Although the agency has already barred Takata from using ammonium nitrate in new airbags, it has given the supplier until the end of 2018 to prove that it is safe in existing airbags. And the agency gave Takata even longer, until the end of 2019, to show that an altered version is safe. Takata has said that ammonium nitrate, when properly treated, is safe.
If Takata cannot prove the compound’s safety, all airbags containing ammonium nitrate could be recalled. But the time granted to Takata, the senators said, is part of “an outrageous dereliction of duty” that the agency has had over the years with Takata.

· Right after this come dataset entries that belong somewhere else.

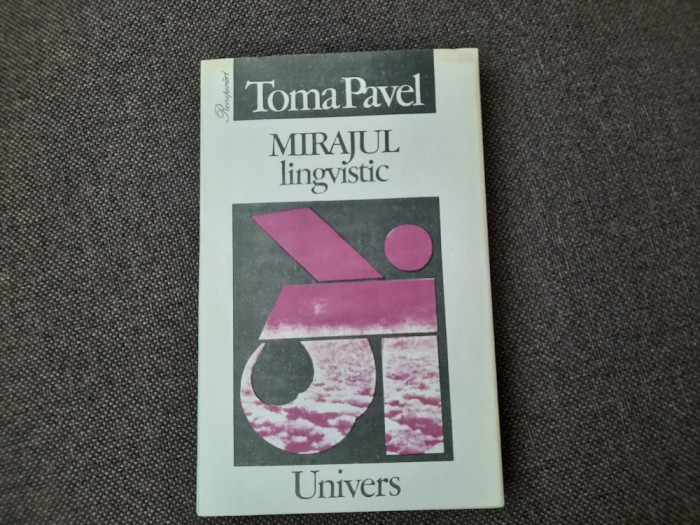 Toma Pavel Mirajul lingvistic.Eseu asupra modernizarii intelectuale ed. princeps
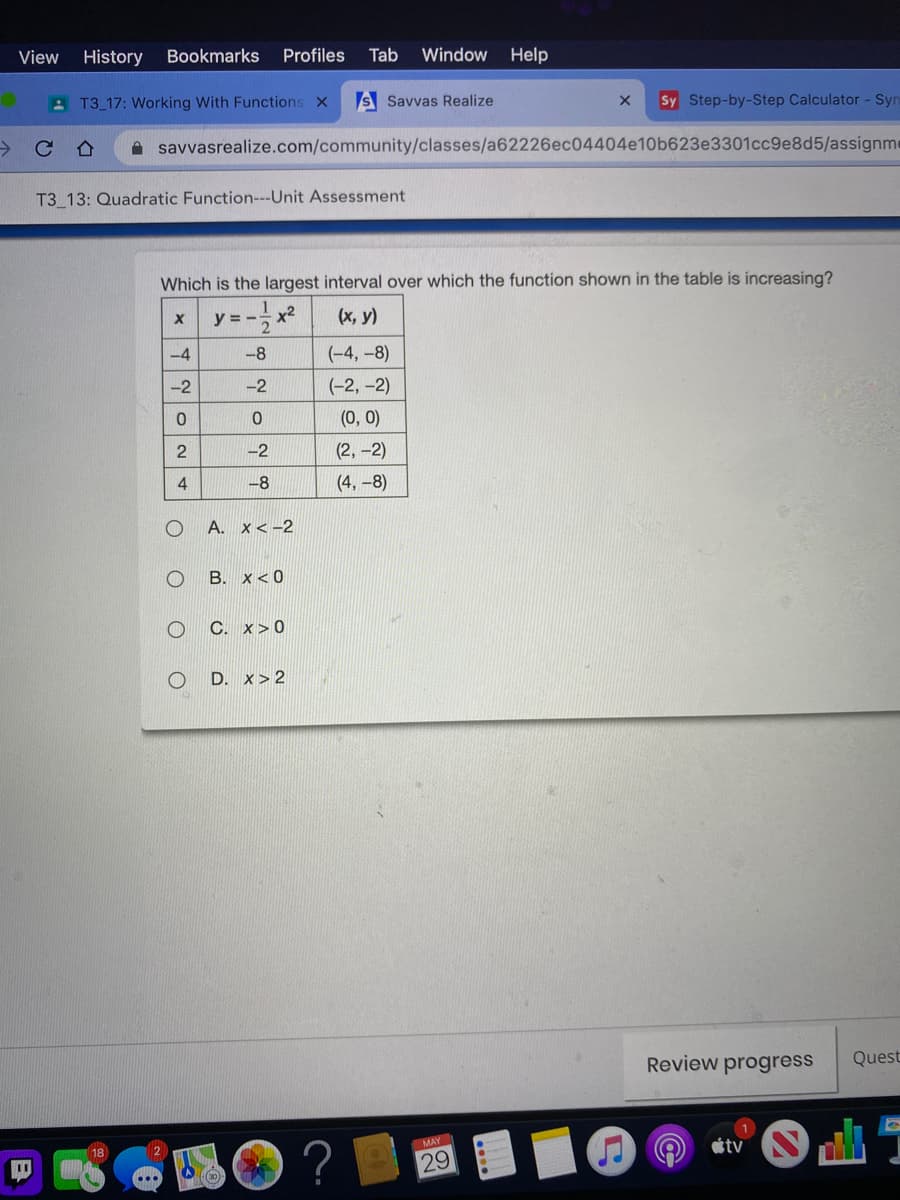 View
History Bookmarks
Profiles
Tab
Window
Help
A T3 17: Working With Functions x
S Savvas Realize
Sy Step-by-Step Calculator - Syr
->
A savvasrealize.com/community/classes/a62226ec04404e10b623e3301cc9e8d5/assignme
合
T3 13: Quadratic Function---Unit Assessment
Which is the largest interval over which the function shown in the table is increasing?
y = -- x2
(x, y)
-4
-8
(-4, -8)
-2
-2
(-2, -2)
(0, 0)
-2
(2,-2)
-8
(4, -8)
A. x<-2
B. x< 0
C. x>0
D.
x> 2
Review progress
Quest
?
18
2
MAY
tv
29
1/-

A spokesman for the agency could not immediately be reached for comment. But the agency has said that while unknowns remained surrounding the cause of the defect, complicating the recalls, if it “believes a vehicle presents an unreasonable risk to safety, the agency would seek a recall.”
Mr. Blumenthal and Mr. Markey did acknowledge that the agency has recently stepped up its enforcement against Takata. In November, it imposed a $70 million penalty on Takata, a fine that could grow by $130 million if the supplier does not meet the terms of its agreement with the agency. Takata separately faces a criminal investigation by the Justice Department into its handling of the defect.
Takata declined to comment on the senators’ letter but has said that it is “cooperating fully with regulators and our automotive customers and continues to support all actions that advance vehicle safety.”
Also on Tuesday, an outside panel hired by Takata urged the company to improve its testing to make sure its airbags stay safe for more years and in different climates.
The panel, led by Samuel Skinner, a former secretary of the Transportation Department, also faulted the Japanese supplier for its lack of a formal program intended to identify quality-related problems in airbags currently in cars.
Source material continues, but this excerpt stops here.